RANGOON — Several months ago, health authorities warned that Burma could be facing a dengue fever epidemic. As the rainy season begins to wind down, officials say the number of dengue cases and related deaths have been lower than expected. But some 16,000 cases and 75 deaths have still been recorded so far this year, most of them children.
“Nationwide, the trend is decreasing, and July had the highest [number of cases]. Since August it’s decreasing,” said Dr Ni Ni Aye, deputy director of the Health Ministry’s Dengue Program. “Now, most of the townships have decreasing cases. But in some regions [in central Burma], such as Mandalay, Magwe and Sagaing, it is still slowly increasing.”
Ni Ni Aye said the number of recorded dengue cases stood at more than 16,000 patients by late August and 75 people had died from the disease. “Most of the deaths are children under 5 years,” she added.
Ni Ni Aye said the current total number of patients is the highest in three years, but added, “Mortality is less… than in 2010, when there were 118 deaths… We now consider this an average year; it’s not very bad like in 2009.”
A few months ago, health authorities warned that dengue had been spreading rapidly in Rangoon and Irrawaddy divisions and in Mon and Karen states early in the rainy season. By late June, the total number of infections had surpassed the total of the whole of 2012, and health officials feared that infections would continue to rise and reach epidemic proportions.
Burma’s most deadly dengue outbreak was recorded by the Health Ministry in 1994, when 444 people died from the virus, while a 2001 epidemic killed 204 patients.
Dengue cases occur mostly during the monsoon season when the mosquitoes that transmit the disease can easily breed in clear water. These mosquito species feed during the day, putting children at school playgrounds at particular risk of infection.
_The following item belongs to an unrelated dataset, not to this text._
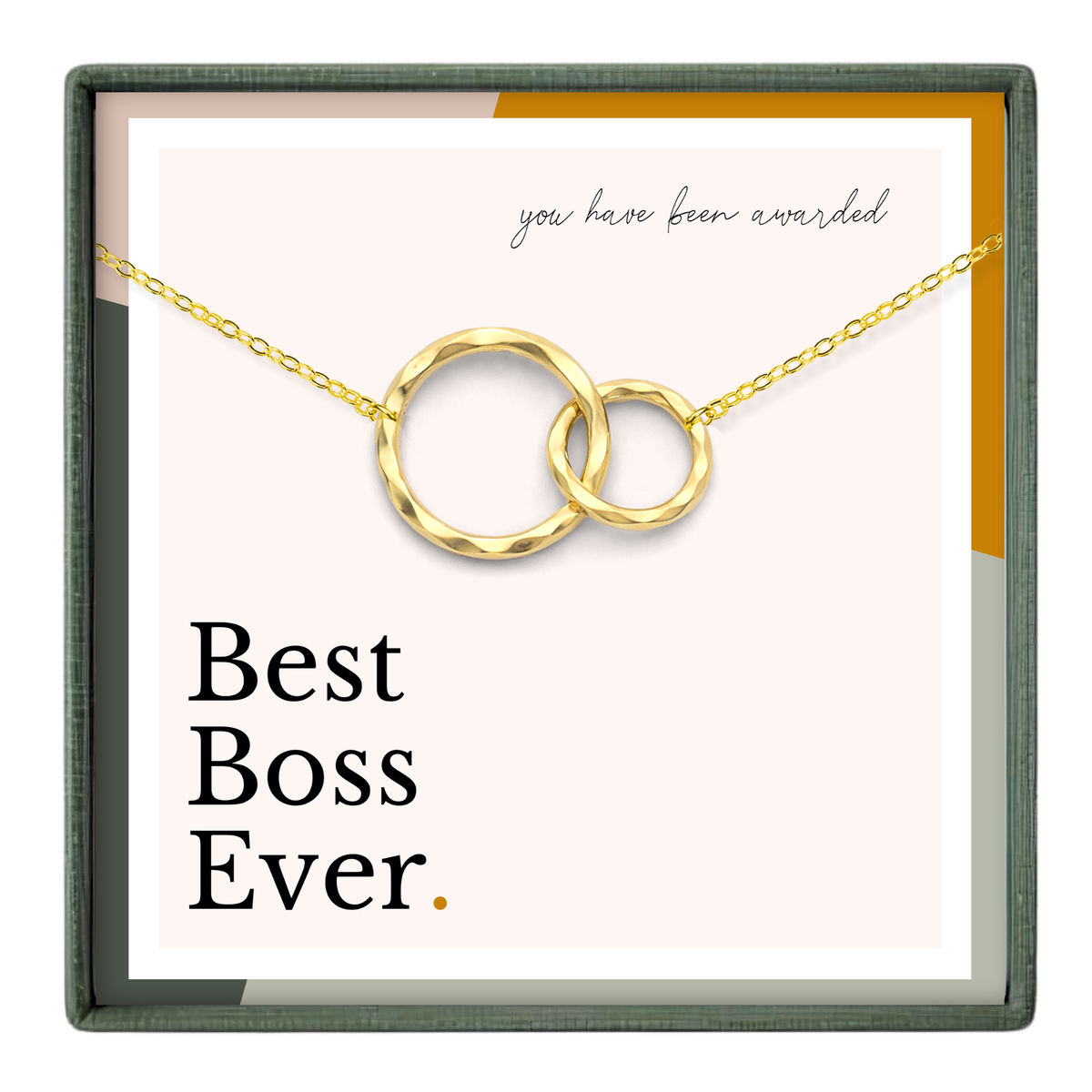 Boss Appreciation Gift - 2 Ring Necklace Gold or Silver: 14k Gold Vermeil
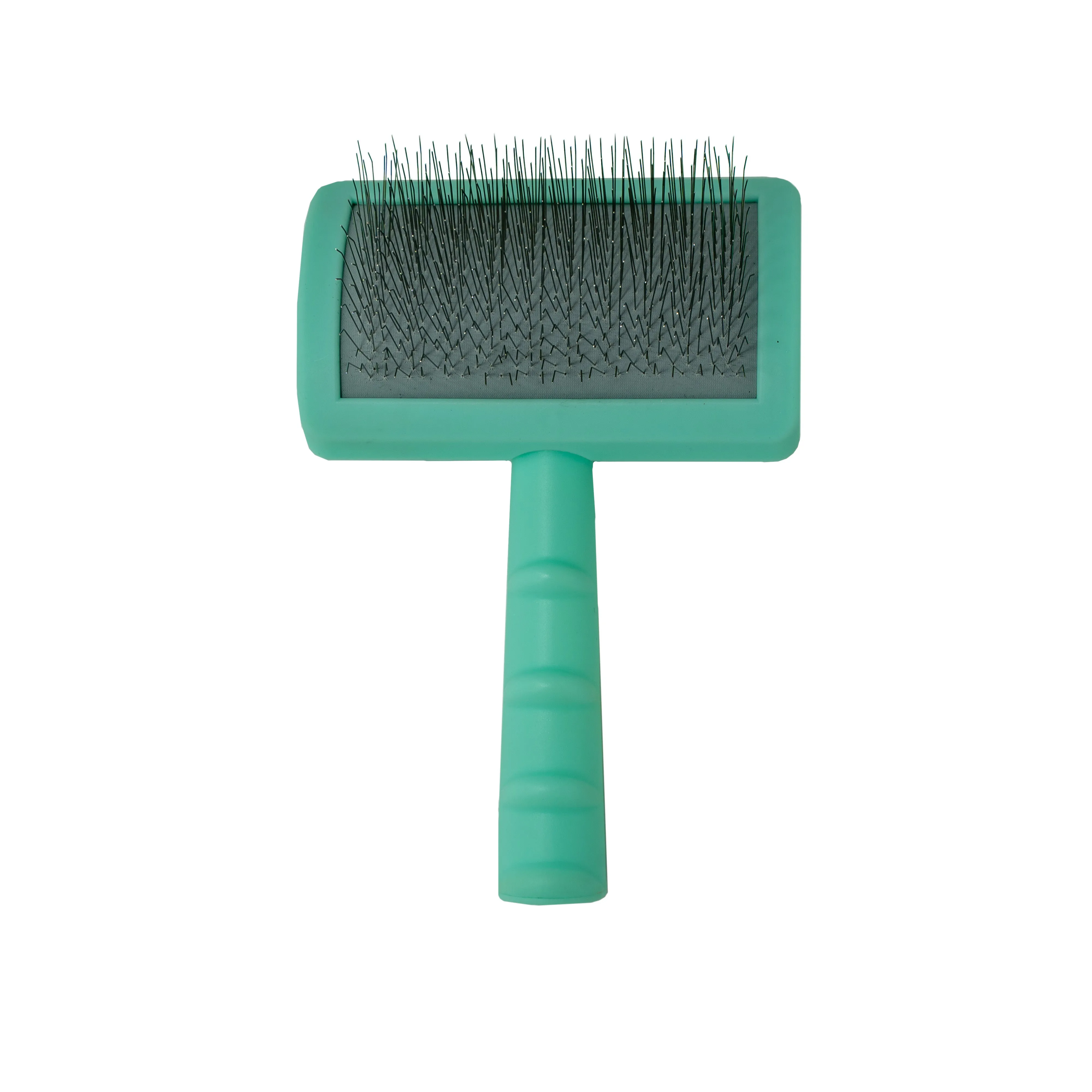 Tauro Pro Line Ergonomic Plastic Dog & Cat Brush Curved Stainless Steel Teeth For Detangling And Comfortable Brushing, teeth 0.79 in, thin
The disease can be fatal when it escalates and causes hemorrhaging in patients.
According to Ni Ni Aye, the lower-than-expected mortality figures this year indicate that medical treatment of dengue is improving in Burma, while the public is becoming more aware of the need to seek early treatment.
“Most of the deaths are due to late referral… They arrive in the hospital late and they experience [medical] shock syndrome already,” she said. “Some of the patients cannot go to the hospital on time; most of them are from rural areas.”
Dr Aung Myint Lwin, medical superintendent at Yankin Children’s Hospital in Rangoon, said his hospital also recorded a decline in the number of child patients with dengue in the second half of the rainy season.
“We noticed in July there was very much a decline in admission rates,” he said, adding that by late August, the hospital had treated 1,595 children for dengue, while 10 children had died from the disease.
Aung Myint Lwin said the drop in the number of new infections in Rangoon Division was in part due to preventive measures that authorities took following initial reports of a surge in dengue cases.
“We started preventive measures actively through our health departments and other sectors, especially from administrative departments, NGOs like the Red Cross and other organizations,” he said. “We were destroying the mosquitoes’ breeding areas and their larvae… we used chemicals.”
Aung Myint Lwin said growing public mindfulness about the risks of the disease was a key factor in reducing dengue deaths. “This year the mortality rate is a little bit lower because of increasing awareness of the people. Then they will come to the hospital early, before their condition becomes worse,” he said. “Most important is the realization among the common people of the danger.”